Gradually drawn into literary and artistic circles, Bennett abandoned the law in 1894 and secured an editorial position with the weekly magazine Woman. The following year his story “A Letter Home” appeared in the fashionable Yellow Book, and he soon brought out an autobiographical first novel, A Man from the North (1898). In 1902 Bennett completed two highly popular works: The Grand Babylon Hotel, one of his many sensational “fantasias” on modern themes, and Anna of the Five Towns, a brilliantly detailed chronicle of life in the Potteries of his boyhood that was inspired by Balzac’s Eugénie Grandet. But the appearance of The Truth About an Author (1903), a lighthearted memoir, briefly tarnished his image because it emphasized the commercial aspects of authorship, depicting Bennett as a writer engaged solely in the “manufacture of a dazzling reputation.”
In 1903 Bennett resettled in Paris, where he lived for much of the next decade.

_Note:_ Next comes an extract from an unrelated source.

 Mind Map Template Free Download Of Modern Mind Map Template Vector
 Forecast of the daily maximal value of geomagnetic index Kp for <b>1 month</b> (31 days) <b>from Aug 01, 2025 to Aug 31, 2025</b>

He continued his examination of provincial mores in countless short stories subsequently collected in Tales of the Five Towns (1905), The Grim Smile of the Five Towns (1907), and The Matador of the Five Towns and Other Stories (1912). Bennett scored a triumphant success in 1908 with the publication of The Old Wives’ Tale, a masterful portrayal of English provincial life that rivals the meticulously crafted novels of Flaubert and other French realists. “It at least doubles your size in my estimation,” remarked H. G. Wells. “I am certain it will secure you the respect of all the distinguished critics.” And Somerset Maugham later observed: “I was astounded to discover that The Old Wives’ Tale was a great book. I was thrilled. I was enchanted. I was deeply impressed.”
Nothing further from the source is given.